President Donald Trump on Wednesday said that he directed Secretary of State Mike Pompeo not to allow Hoda Muthana, an Alabama woman who left in November 2014 to join IS, to return to the US -- despite her recent public plea to come back and stand trial in America.
"I have instructed Secretary of State Mike Pompeo, and he fully agrees, not to allow Hoda Muthana back into the Country!," Trump tweeted.
Hours earlier, Pompeo declared that Muthana, who is detained in a Kurdish refugee camp, is not an American citizen, reports CNN.
"Ms. Hoda Muthana is not a US citizen and will not be admitted into the US. She does not have any legal basis, no valid US passport, no right to a passport, nor any visa to travel to the US," Pompeo said in a statement.
Muthana, now 24, was a college student when she travelled to Syria over four years ago to join IS -- eventually marrying three fighters and calling for the killing of Americans on Twitter.
In a series of interviews this week from a sprawling camp in northern Syria with her infant son, she expressed deep remorse.
"When I left to Syria I was a naive, angry, and arrogant young woman," she said in a handwritten statement provided to CNN by a representative. "To say that I regret my past words, any pain that I caused my family and any concerns I would cause my country would be hard for me to really express properly."

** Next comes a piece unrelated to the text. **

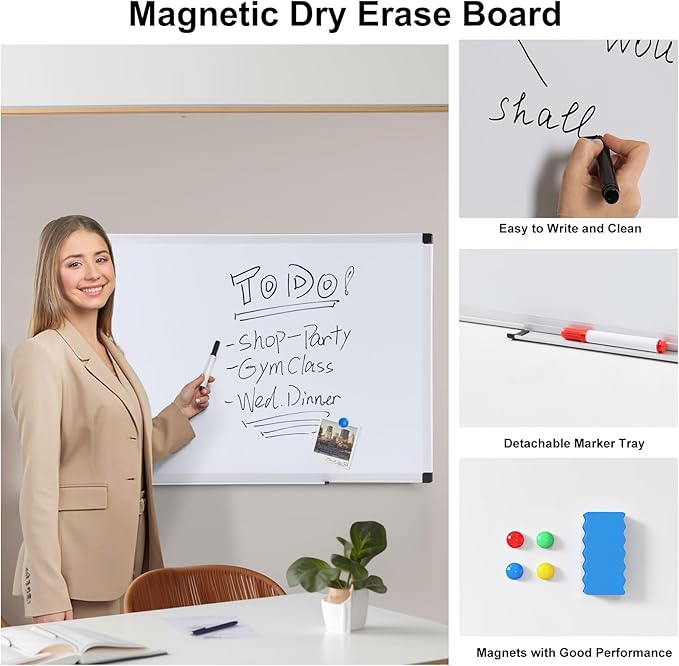 OLIXIS Magnetic White Board, Dry Erase Board for Wall 32" x 48", Whiteboard with 1 Dry Eraser & 2 Multicolor Markers & 4 Magnetic Pins, Aluminium Frame for School, Office, White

Hassan Shibly, a family representative for Muthana, denied that she was not a citizen, and called the move by the Trump administration to claim otherwise "very dangerous."

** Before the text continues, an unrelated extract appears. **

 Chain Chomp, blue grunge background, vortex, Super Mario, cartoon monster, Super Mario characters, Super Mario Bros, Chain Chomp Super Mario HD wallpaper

According to Shibly, Muthana was born in Hackensack, New Jersey, in 1994.
"The Trump administration continues its attempts to wrongfully strip citizens of their citizenship," Shibly said in statement.
"Hoda Muthana had a valid US passport and is a citizen. She was born in Hackensack, NJ in October 1994, months after her father stopped being diplomat," he added before later tweeting a picture of what he claimed is Muthana's birth certificate, that appeared to confirm her place and date of birth.
Asked about Muthana's case on Tuesday, State Department deputy spokesperson Robert Palladino noted that "the situation of American citizens or possible American citizens in Syria is by definition extremely complicated and we're looking into these cases to better understand the details."
Palladino would not speak to the specific case, but said that in cases involving "American citizens or potential American citizens or alleged American citizens," US policy "would be to repatriate them, and it's what we call on all countries to do who have (foreign terrorist) fighters in Syria too."